§ Assigned task
Count lines holding the string "Indoor" in the data that follows. Reply with one number only.

(Dataset entries)
........
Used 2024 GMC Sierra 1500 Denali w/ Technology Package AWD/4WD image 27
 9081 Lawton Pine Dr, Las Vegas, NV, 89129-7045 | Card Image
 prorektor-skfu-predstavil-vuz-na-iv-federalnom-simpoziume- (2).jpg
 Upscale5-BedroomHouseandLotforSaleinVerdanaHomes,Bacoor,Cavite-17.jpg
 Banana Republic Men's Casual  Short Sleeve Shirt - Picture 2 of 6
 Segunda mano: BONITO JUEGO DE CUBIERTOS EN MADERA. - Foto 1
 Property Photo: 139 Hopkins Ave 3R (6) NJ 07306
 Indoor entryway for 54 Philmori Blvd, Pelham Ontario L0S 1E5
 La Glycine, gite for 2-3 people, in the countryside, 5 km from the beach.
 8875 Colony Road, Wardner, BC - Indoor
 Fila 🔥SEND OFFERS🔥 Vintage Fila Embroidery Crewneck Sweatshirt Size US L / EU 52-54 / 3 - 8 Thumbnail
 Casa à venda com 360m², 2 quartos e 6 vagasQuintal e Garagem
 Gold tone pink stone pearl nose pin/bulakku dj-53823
........
§ Task response
2